SUBJECT: Analysis and Classification of Agricultural Credits

The FDIC recently issued its examiners the attached memorandum providing general policy direction on analyzing and classifying agricultural credits. While the guidelines reaffirm earlier policy guidance on this subject, certain issues have been expanded or clarified.

The memorandum emphasizes the need for examiners to be objective, realistic and fair in their assessment of agricultural credits. While examiners must be alert to, and critical of, operational and managerial weaknesses in banks, they must also recognize when an institution is taking reasonable steps to deal with external risk factors that are largely beyond the institution's control, such as weather conditions or commodity prices. The guidance stresses that actions taken by bank management to address such situations, when done in a prudent manner with proper risk controls and management oversight, should be recognized and fairly portrayed in oral and written communications regarding the examination findings. This does not imply, however, that analytical or classification standards should be compromised. Rather, it means that the bank's response to these challenges will be considered in supervisory decisions.

When determining the level of risk in a specific lending relationship, the relevant factual circumstances must be reviewed in their totality. Such factors as the borrower's historical performance and financial strength, the value of any collateral, and other sources of repayment must be considered. The guidance also emphasizes that, even if a loan is adversely classified, examiners will not and should not call for such specific bank action as foreclosure or sale of collateral. Such a decision is, properly, the prerogative of bank management.
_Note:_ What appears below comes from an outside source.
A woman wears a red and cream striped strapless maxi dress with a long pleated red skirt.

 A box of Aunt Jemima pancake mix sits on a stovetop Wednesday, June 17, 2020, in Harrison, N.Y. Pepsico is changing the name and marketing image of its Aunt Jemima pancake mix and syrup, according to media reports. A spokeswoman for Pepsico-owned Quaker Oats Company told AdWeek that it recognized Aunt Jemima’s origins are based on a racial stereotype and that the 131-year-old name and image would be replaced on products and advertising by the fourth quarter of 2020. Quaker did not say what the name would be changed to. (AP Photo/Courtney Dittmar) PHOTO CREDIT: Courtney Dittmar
The attached memorandum is provided for your information. If you have any questions, please contact your Division of Supervision regional office.

Nicholas J. Ketcha Jr.


Distribution: FDIC-Supervised Banks (Commercial and Savings)

Attachment for FIL-61-96

TO: Regional Directors
FROM: Nicholas J. Ketcha Jr.
SUBJECT: Analysis and Classification of Agricultural Credits

1. Purpose

To provide guidance to examiners and Regional Office staffs on the analysis and classification of agricultural credits.

2. Discussion

A Regional Director memorandum on this subject was issued June 11, 1984 (Transmittal number 105), and has been the Division's primary source of policy guidance. Although it is no longer formally outstanding, many examiners and others continue to apply its principles when analyzing agricultural loans. Given the substantial period that has elapsed since that memorandum was distributed, it is prudent to update and reissue guidelines on this important segment of commercial bank lending. In general, the provisions of the 1984 memorandum remain valid today. However, certain matters are clarified and expanded upon to provide more complete examiner guidance. The revised policy document is included as an attachment to this memorandum. The material will be incorporated into the DOS Manual of Examination Policies at a subsequent update.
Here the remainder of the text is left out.